How to repair a corrupted Excel spreadsheet
I store all my documentations in my Dropbox so I can get access to them at anytime from anywhere. But this morning I found that one of the excel sheet I have in the Dropbox corrupted. And because it’s in the Dropbox, the corrupted version was on every single device I have Dropbox installed. Ooops, even on the Dropbox web console, I wasn’t luck enough finding a revision that works.
Out of luck of restoring it from any backup, I ran through number of options trying to repair it and finally got it repaired without paying a penny to any service or software. If you are down the road having the same problem, here are the things that you can try.
The error message that prompted is something like this:
Excel cannot open the file because the file format or file extension is not valid. Verify that the file has not been corrupted and that the file extension matches the format of the file.
And as you can tell, it doesn’t make too much sense, since the file in question is an Excel file with the right extension name associated. The only possible reason why I couldn’t open it is because it was corrupted.
1. Always try to recover it from a backup or a previous working revision
Even though it means that you may lose some current data, you get the file back with the data that is accurate.
2. Use Open & Repair in Excel
Open Excel, find and select the corrupted Excel file, instead of clicking open, choose Open & Repair from the down arrow in the Open button.

You will have the choice of Repair and Extract Data in the next dialog box after you click Open and Repair.

Go with the Repair first as it recovers the most out of the corrupted file, then Extract Data if the Repair failed.
3. Upload the corrupt file to Google Docs
What it ended up fixing my corrupted Excel is Google Docs. Can you believe it? I actually tried Office Web App first but got the same error as Excel client. Then out of curious what Google Docs might do to my spreadsheet, I uploaded to it and was open it successfully.
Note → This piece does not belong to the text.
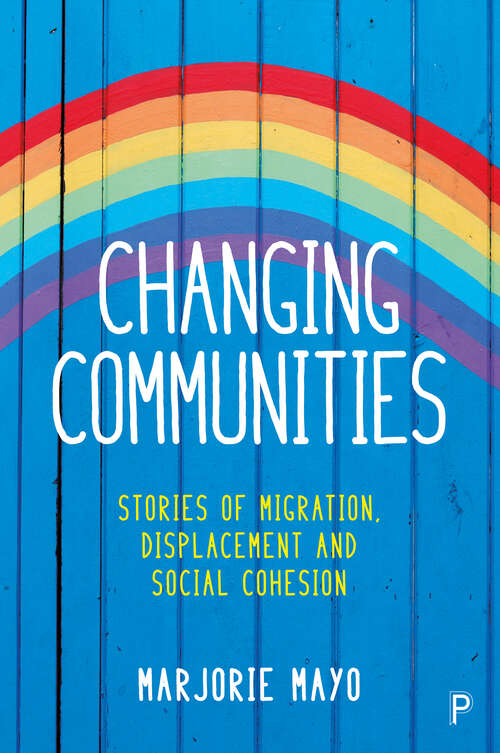 Changing Communities: Stories of Migration, Displacement and Solidarities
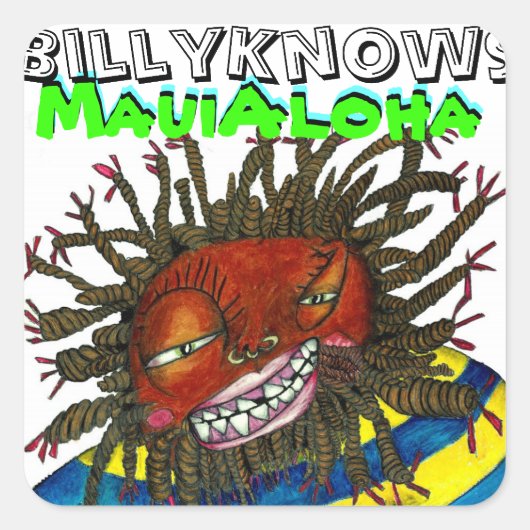 BillyKnows Maui Aloha Quadratischer Aufkleber (Vorderseite)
I then downloaded to replace the one that was corrupted in my Dropbox.

4. Use Macro to extract the data
If none of above worked and the data in the spreadsheet is more important than anything else, the Macro shown in this document might be able to help you out.
5. Last resource
Of course, there are commercial repairing software out there that could also be helpful if you are REALLY running out of the options. Simply doing a Google search will bring you a bunch of them. But then you will have to try your luck to pick one that has the most possibility to fix your file.